# TASK BRIEF:
Beginning with the line of the entries below that holds "Halloween Witch Way" and ending with the line that holds "Elegant Lace Up", transcribe each line exactly as written. Pictures stay out.

# DATA RECORDS:

━━━━━━━━━━━━━━━━━━━━━━━━━━━━━━

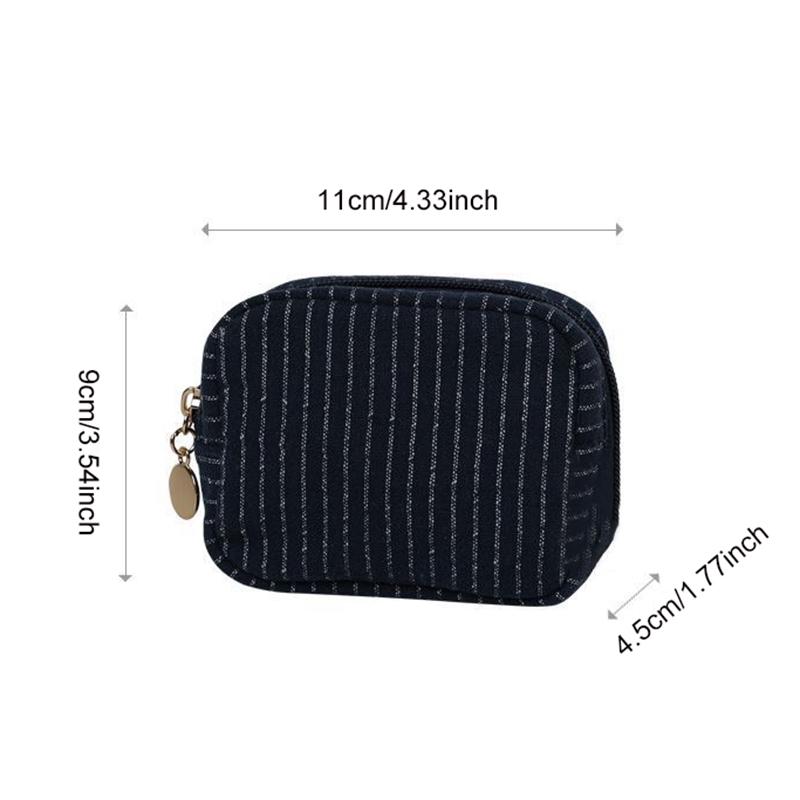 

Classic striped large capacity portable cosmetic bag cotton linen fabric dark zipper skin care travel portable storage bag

━━━━━━━━━━━━━━━━━━━━━━━━━━━━━━

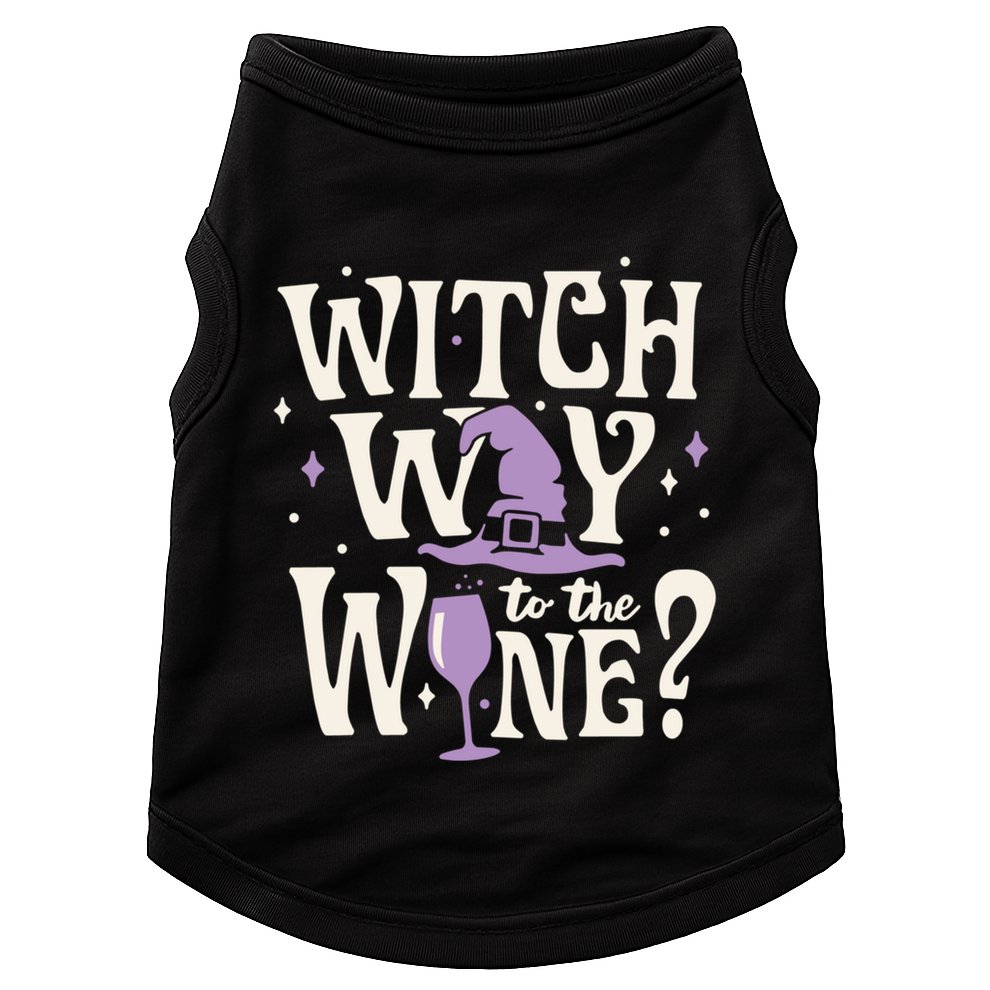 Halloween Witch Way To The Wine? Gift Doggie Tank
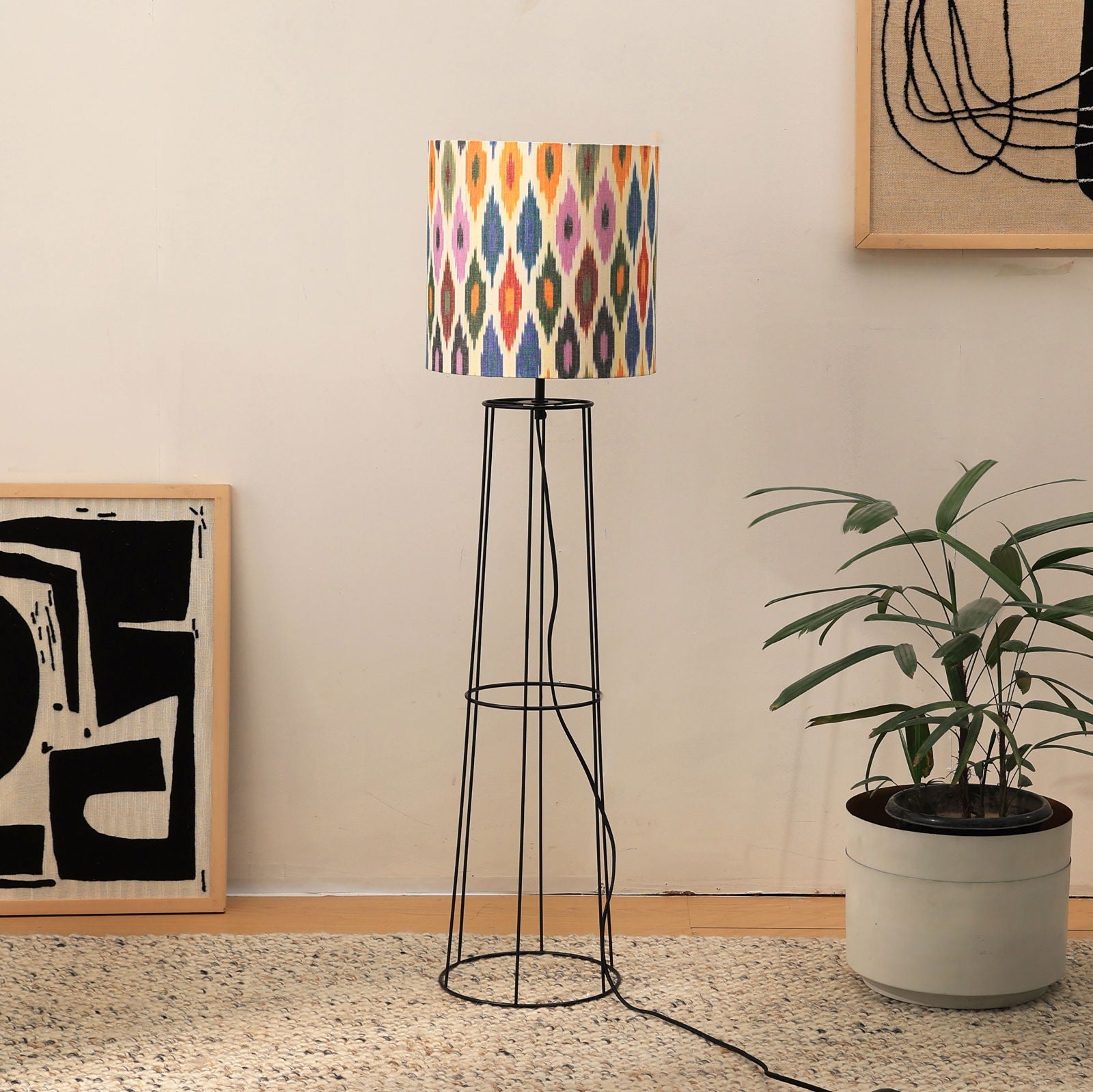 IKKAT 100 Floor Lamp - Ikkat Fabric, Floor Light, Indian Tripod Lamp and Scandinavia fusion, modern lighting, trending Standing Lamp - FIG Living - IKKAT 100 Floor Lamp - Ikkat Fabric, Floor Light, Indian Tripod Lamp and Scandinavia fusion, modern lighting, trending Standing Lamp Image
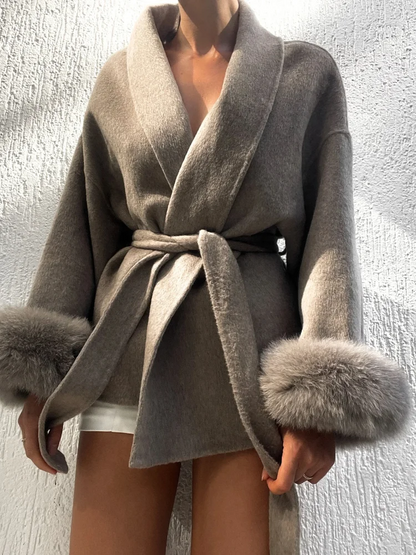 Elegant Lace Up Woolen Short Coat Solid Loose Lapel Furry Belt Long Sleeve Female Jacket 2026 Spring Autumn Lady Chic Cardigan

━━━━━━━━━━━━━━━━━━━━━━━━━━━━━━

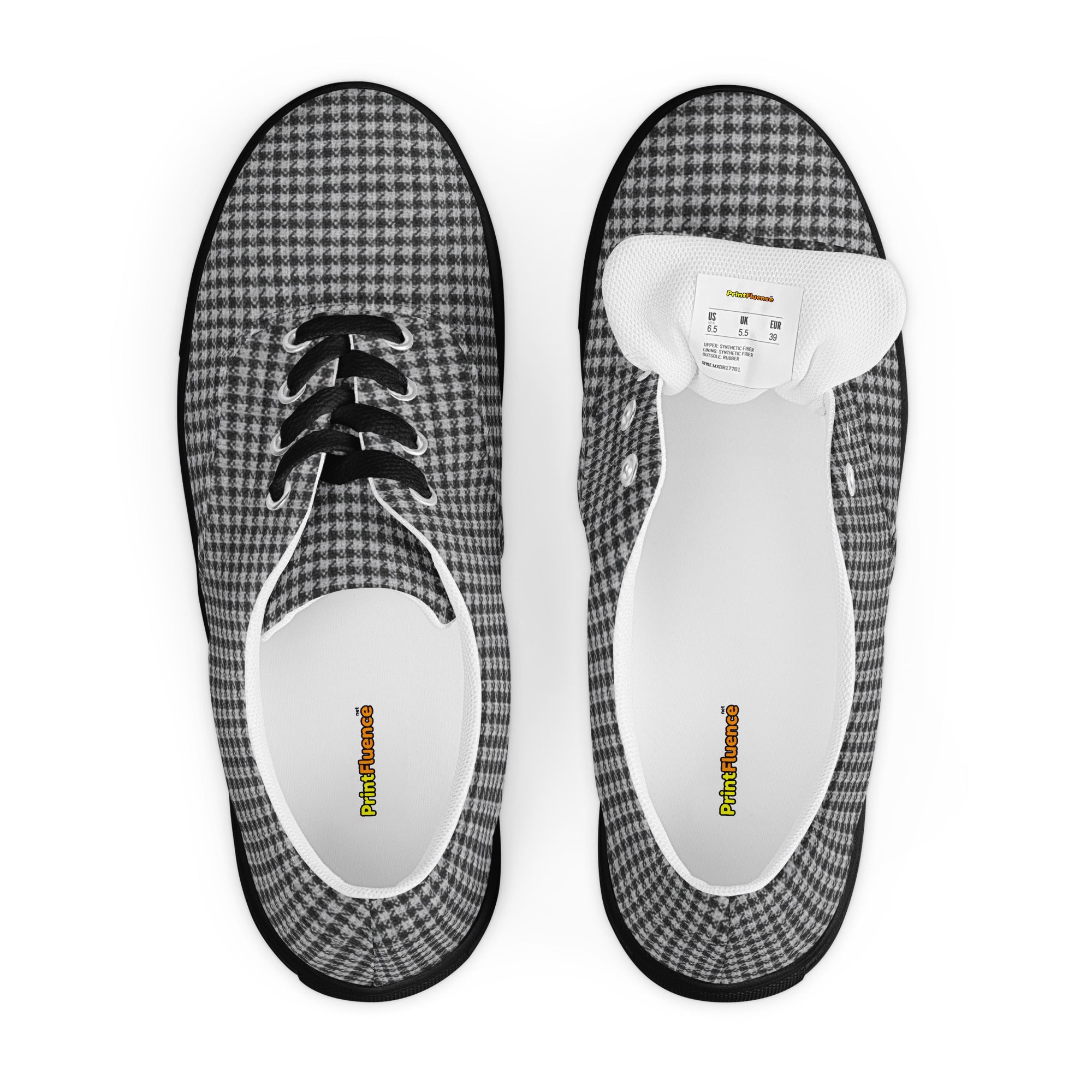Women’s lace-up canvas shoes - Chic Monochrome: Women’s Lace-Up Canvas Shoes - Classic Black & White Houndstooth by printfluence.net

━━━━━━━━━━━━━━━━━━━━━━━━━━━━━━

# SOLUTION FOR THIS TASK:
 Halloween Witch Way To The Wine? Gift Doggie Tank
 IKKAT 100 Floor Lamp - Ikkat Fabric, Floor Light, Indian Tripod Lamp and Scandinavia fusion, modern lighting, trending Standing Lamp - FIG Living - IKKAT 100 Floor Lamp - Ikkat Fabric, Floor Light, Indian Tripod Lamp and Scandinavia fusion, modern lighting, trending Standing Lamp Image
 Elegant Lace Up Woolen Short Coat Solid Loose Lapel Furry Belt Long Sleeve Female Jacket 2026 Spring Autumn Lady Chic Cardigan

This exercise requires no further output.